**Stored data entries**
━━━━━━━━━━━━━━━━━━━━━━━━━━━━━━
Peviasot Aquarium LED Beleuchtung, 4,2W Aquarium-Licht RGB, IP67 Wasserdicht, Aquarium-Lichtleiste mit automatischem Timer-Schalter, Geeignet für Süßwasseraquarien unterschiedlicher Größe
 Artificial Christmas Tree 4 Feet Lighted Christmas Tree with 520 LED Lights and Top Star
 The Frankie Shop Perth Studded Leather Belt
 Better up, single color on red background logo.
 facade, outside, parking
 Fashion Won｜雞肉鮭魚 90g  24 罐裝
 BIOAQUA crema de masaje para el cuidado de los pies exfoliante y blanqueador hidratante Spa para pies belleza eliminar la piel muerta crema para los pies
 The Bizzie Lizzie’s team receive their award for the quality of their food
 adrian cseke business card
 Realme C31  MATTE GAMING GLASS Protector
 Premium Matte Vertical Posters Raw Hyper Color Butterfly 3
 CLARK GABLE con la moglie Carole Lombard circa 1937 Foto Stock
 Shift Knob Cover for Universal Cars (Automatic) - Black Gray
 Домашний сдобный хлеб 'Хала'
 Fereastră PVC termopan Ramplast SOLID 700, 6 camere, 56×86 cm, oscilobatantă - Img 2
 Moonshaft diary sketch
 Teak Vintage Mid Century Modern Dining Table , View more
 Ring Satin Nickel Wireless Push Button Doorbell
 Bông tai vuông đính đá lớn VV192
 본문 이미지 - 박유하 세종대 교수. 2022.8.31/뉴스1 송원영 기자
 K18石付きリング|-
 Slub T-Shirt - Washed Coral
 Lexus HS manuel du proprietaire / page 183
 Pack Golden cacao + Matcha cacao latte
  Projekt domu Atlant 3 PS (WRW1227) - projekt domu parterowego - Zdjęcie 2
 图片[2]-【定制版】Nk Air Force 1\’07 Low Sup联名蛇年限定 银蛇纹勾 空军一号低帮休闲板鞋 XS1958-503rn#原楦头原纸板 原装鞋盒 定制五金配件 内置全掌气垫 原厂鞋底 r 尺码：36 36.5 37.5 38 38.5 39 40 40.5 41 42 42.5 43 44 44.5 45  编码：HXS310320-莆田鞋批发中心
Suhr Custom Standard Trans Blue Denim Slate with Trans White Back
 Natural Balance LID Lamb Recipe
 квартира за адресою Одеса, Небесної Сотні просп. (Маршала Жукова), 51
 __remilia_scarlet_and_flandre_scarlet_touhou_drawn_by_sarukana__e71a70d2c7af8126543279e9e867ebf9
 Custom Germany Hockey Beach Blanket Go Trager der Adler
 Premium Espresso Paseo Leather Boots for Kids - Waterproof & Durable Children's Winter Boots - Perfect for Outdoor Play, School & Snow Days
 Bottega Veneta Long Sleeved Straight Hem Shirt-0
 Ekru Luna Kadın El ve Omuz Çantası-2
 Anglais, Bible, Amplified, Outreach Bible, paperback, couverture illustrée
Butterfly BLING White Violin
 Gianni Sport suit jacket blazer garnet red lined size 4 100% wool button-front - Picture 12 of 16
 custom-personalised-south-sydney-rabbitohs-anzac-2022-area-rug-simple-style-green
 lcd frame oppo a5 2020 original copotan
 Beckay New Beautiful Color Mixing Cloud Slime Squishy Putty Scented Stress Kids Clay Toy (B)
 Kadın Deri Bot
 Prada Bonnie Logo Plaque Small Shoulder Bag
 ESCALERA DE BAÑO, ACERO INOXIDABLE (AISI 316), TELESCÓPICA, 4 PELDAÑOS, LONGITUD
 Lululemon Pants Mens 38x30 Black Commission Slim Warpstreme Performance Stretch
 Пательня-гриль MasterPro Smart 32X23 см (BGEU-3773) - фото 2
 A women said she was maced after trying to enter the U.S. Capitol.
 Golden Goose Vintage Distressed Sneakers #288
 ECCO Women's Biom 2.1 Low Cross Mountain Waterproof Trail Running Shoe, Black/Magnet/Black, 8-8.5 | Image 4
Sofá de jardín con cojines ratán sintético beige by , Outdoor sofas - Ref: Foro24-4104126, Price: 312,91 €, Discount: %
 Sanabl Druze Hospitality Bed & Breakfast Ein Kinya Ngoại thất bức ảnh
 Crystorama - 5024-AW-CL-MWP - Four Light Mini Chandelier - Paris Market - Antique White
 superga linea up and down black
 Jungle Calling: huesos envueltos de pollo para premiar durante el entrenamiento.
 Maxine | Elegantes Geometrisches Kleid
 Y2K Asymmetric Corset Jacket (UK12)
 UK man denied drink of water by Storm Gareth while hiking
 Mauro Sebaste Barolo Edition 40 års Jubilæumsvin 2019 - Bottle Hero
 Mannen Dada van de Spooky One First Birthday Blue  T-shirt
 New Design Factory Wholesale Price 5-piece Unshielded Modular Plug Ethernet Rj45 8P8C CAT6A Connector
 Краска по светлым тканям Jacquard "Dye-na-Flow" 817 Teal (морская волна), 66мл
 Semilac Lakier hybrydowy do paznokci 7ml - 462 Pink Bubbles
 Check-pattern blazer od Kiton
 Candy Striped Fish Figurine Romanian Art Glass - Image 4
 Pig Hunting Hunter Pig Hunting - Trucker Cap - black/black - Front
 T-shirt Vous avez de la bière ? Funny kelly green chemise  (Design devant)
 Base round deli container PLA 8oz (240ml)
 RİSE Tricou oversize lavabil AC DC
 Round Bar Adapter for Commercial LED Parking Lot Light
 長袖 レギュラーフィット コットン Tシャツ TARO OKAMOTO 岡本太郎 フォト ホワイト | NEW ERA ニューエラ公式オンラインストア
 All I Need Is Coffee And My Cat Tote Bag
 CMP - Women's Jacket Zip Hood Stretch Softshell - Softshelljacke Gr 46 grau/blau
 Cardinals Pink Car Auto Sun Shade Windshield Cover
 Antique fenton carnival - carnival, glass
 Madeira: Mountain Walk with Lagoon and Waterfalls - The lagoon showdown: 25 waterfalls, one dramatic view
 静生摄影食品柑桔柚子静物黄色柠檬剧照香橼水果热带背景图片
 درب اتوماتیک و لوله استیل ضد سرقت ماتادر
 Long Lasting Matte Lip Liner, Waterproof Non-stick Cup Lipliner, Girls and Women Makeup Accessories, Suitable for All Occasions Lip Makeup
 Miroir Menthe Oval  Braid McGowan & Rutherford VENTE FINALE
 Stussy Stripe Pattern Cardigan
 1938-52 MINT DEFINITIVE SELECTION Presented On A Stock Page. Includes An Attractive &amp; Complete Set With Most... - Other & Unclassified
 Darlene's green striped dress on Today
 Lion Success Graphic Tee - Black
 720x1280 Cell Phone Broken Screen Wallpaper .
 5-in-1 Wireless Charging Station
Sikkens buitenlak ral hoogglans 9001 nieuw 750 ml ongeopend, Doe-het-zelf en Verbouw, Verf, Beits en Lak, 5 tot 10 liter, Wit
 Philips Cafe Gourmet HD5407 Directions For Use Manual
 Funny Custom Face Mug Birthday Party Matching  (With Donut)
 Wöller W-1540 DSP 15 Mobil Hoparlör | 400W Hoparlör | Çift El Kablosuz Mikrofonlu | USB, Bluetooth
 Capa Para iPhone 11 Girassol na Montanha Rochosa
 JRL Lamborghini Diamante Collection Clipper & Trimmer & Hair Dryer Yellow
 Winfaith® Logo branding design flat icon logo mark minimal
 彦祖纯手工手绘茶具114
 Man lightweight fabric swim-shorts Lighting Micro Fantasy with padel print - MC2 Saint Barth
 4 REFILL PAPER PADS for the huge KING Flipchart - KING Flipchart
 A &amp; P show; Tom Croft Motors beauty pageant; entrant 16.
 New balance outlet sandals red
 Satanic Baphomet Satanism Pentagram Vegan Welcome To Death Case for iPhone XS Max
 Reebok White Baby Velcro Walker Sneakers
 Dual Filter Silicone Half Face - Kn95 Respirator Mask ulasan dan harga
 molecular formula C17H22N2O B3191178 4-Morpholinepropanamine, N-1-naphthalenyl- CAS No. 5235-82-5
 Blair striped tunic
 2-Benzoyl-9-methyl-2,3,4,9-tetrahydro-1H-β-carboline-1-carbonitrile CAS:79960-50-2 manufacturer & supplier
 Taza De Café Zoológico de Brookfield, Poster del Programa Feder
━━━━━━━━━━━━━━━━━━━━━━━━━━━━━━
**EXERCISE DETAILS**
Report the number of lines in the records that include the string "Mountain", and write no other words.

**SOLUTION FOR THIS TASK**
2